— Material to process —

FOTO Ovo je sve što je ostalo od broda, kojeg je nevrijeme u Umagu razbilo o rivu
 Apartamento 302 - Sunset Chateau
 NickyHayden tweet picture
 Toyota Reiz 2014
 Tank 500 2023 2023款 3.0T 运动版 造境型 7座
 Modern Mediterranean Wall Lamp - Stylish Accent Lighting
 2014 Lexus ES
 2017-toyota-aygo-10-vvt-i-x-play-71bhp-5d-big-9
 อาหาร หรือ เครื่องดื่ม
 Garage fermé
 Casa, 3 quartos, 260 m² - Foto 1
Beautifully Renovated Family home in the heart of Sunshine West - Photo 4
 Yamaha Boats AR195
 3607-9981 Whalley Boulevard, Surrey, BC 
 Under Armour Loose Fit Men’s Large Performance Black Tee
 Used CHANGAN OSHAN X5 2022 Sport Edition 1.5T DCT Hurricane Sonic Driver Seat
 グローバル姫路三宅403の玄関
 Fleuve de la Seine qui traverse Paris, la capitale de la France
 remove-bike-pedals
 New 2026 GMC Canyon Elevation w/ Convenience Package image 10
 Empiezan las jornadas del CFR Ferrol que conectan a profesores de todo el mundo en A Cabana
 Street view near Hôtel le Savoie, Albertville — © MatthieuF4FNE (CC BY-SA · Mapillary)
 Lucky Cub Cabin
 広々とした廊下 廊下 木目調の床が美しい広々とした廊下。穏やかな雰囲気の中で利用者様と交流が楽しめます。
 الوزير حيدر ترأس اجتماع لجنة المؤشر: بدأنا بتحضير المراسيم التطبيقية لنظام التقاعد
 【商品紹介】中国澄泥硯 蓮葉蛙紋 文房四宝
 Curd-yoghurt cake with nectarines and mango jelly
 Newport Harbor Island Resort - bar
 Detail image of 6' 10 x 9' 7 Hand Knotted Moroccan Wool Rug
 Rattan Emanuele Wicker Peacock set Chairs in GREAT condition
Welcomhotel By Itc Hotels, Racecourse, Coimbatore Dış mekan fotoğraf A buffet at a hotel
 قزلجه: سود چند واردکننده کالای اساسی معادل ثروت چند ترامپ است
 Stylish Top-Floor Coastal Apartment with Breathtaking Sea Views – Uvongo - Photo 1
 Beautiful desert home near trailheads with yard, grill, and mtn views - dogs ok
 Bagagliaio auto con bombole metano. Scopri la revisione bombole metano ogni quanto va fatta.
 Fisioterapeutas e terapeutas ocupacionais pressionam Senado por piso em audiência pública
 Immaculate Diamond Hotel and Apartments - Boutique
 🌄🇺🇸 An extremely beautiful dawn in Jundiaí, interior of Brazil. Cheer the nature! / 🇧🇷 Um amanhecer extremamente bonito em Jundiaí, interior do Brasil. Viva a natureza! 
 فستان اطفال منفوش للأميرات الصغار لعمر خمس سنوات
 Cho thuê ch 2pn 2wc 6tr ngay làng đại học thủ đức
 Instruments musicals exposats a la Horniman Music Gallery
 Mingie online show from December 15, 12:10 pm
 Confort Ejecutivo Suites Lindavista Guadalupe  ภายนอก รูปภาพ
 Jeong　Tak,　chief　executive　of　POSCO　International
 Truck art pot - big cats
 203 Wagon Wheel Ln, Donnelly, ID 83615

— Work item —
What is needed is every line from the data above that includes the string "Stylish", copied out.

— Your response —
 Modern Mediterranean Wall Lamp - Stylish Accent Lighting
 Stylish Top-Floor Coastal Apartment with Breathtaking Sea Views – Uvongo - Photo 1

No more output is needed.